**EXTRACTED ENTRIES**
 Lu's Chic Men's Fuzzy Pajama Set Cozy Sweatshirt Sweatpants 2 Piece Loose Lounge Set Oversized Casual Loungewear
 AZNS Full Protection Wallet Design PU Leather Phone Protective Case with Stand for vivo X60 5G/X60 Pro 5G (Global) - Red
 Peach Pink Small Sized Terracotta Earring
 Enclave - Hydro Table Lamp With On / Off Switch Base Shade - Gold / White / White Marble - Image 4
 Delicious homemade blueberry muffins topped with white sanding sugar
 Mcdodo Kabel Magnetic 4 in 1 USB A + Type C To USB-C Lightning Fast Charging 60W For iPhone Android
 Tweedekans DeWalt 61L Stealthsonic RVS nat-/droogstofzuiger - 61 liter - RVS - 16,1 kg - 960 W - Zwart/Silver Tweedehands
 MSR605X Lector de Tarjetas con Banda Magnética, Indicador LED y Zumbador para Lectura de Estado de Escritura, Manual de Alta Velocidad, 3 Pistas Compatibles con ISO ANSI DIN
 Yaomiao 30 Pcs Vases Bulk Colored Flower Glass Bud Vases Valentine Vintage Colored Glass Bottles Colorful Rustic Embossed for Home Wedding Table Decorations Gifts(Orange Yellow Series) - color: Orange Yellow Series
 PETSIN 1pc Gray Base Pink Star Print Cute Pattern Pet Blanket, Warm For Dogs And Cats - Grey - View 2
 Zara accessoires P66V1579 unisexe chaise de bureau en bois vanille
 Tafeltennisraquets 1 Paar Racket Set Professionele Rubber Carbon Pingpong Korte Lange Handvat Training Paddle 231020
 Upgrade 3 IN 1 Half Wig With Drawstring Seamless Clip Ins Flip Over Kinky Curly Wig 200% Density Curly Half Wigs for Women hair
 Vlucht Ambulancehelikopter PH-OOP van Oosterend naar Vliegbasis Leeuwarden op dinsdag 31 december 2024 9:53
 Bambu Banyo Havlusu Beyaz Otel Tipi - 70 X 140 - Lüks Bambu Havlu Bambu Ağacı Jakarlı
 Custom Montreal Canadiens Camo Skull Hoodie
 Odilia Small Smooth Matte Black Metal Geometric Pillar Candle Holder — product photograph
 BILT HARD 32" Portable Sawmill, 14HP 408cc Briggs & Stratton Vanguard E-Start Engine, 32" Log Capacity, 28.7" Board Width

**WORK REQUIRED**
Where does the word "Small" appear in the listing above? Copy every line that holds it.

**THE COMPLETED TASK**
 Peach Pink Small Sized Terracotta Earring
 Odilia Small Smooth Matte Black Metal Geometric Pillar Candle Holder — product photograph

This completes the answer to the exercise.